ADDB contains information describing ongoing activity of C2 system. This information is stored on persistent storage and can be later queried and retrieved to analyze system behavior.

Items

  • The overall idea of ADDB is to accumulate and store certain auxiliary information during execution of C1 file operations. This information can be later used to analyze past system behavior. Compare this with Lustre logging system. The critical differences are:
    • ADDB has format suitable for later processing, including querying;
    • ADDB is populated systematically rather than in ad hoc manner;
    • ADDB is designed to be stored on persistent storage.
  • ADDB consists of records and each record consists of data points. A data point is a result of an individual measurement of a certain system parameter or a description of an event of interest.
  • Examples of event data points are:
    • memory allocation failed;
    • RPC timed out;
    • disk transfer took longer than a threshold time
  • From the examples above it is clear that measurements fall into two classes: measurements pertaining to a particular file system activity (RPC execution, cache write-back, etc.) and measurements not related to any specific activity (resource utilization measurements, queue length, etc.).
  • ADDB records are written to persistent storage by C2 back-end.

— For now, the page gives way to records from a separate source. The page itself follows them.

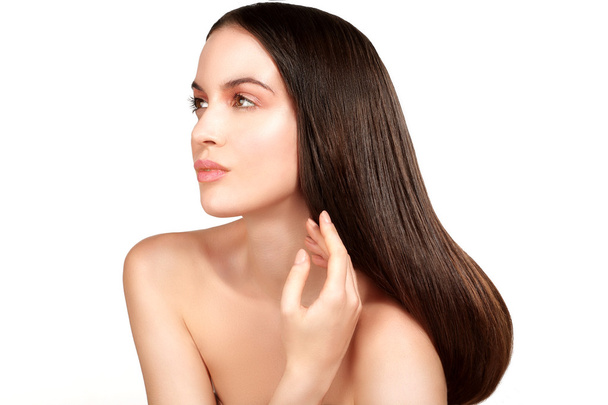 Modelo de beleza mostrando pele perfeita e longos cabelos castanhos saudáveis
 - Foto, Imagem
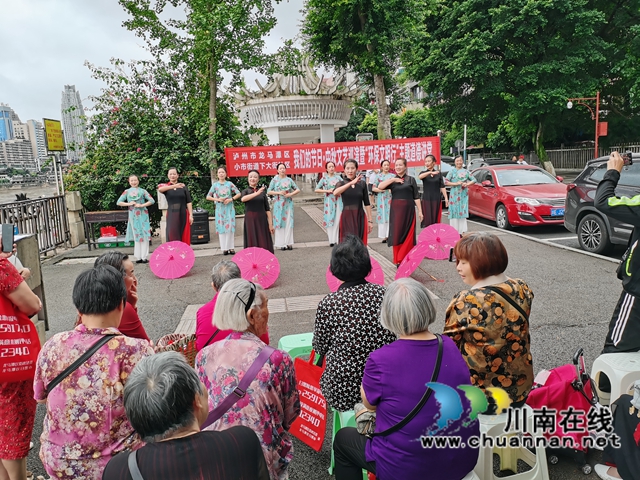 龙马潭区小市街道：中秋巡演传承文化有欢乐，文明讲堂建设美丽大环境(图1)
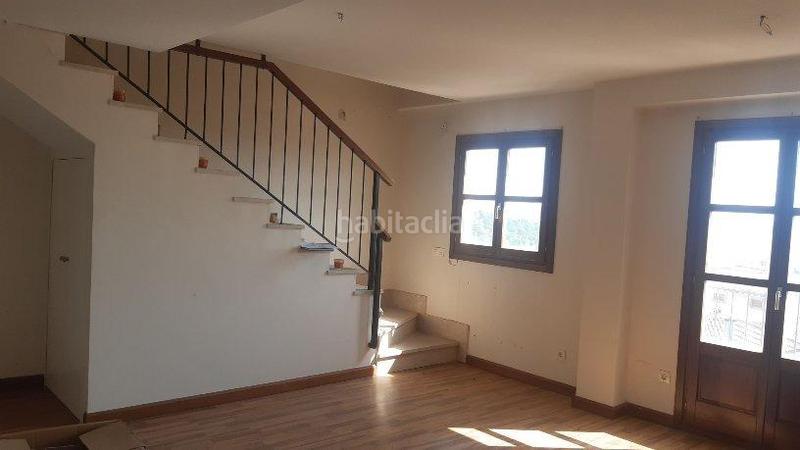 Foto 5c89487f-91f1-46ff-98b5-342ad86d2639. Tríplex vivienda triplex en Simancas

There is an important difference between ADDB and other persistent data structures such as FOL, file data or meta-data: ADDB is a useful convenience, but it is not required for system correctness. While undesired, ADDB record loss won't render system inconsistent. As a result, it is not necessary to write ADDB transaction ally. ADDB IO can be piggy-backed to other transfers or can be directed to a separate device with a lower throughput.

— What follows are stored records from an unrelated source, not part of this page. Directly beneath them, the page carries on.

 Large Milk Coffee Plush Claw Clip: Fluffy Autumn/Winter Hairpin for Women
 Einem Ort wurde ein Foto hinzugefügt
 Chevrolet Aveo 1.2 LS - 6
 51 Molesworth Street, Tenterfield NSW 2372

  • ADDB is accumulated during normal system activity. Once written, ADDB record stays on storage for a long time, until ADDB is explicitly pruned by administrator.
  • ADDB records should have self-identifiable structure: it should be possible to discover the data-points contained in the record. This is required to make addition of new data-point collecting calls as easy as possible (i.e., no changes to user-level tools) and to make ADDB and ADDB tools interoperable between versions.
  • ADDB must contain enough information to recover important aspects of system behavior. Specifically, this means that ADDB should at least contain information about all RPCs executed by the system. This implies some degree of duplication between FOL and ADDB. It is possible to link corresponding ADDB and FOL records to each other, but this introduces a dependency between FOL and ADDB pruning.
  • The simplest ADDB use is to replay it to see how system behaved in the past. A typical example, is replaying ADDB on the next day to understand why last night MPI job ran slow.
  • A more interesting usage is to filter ADDB to concentrate on particular aspects of system, e.g., on requests sent from a particular set of clients or operations against a particular set of files. This is achieved by loading ADDB into a data-base and running queries on it through management tools interfaces.
  • Even more interesting ADDB usage is to see how system would have behaved if some parameters were different. For example, one can take a ADDB trace of N clients working on a particular set of files and process it to represent a trace coming out of of M clients. Similarly, one can change layout parameters (striping, etc.). The resulting ADDB is then fed as an input to a simulator.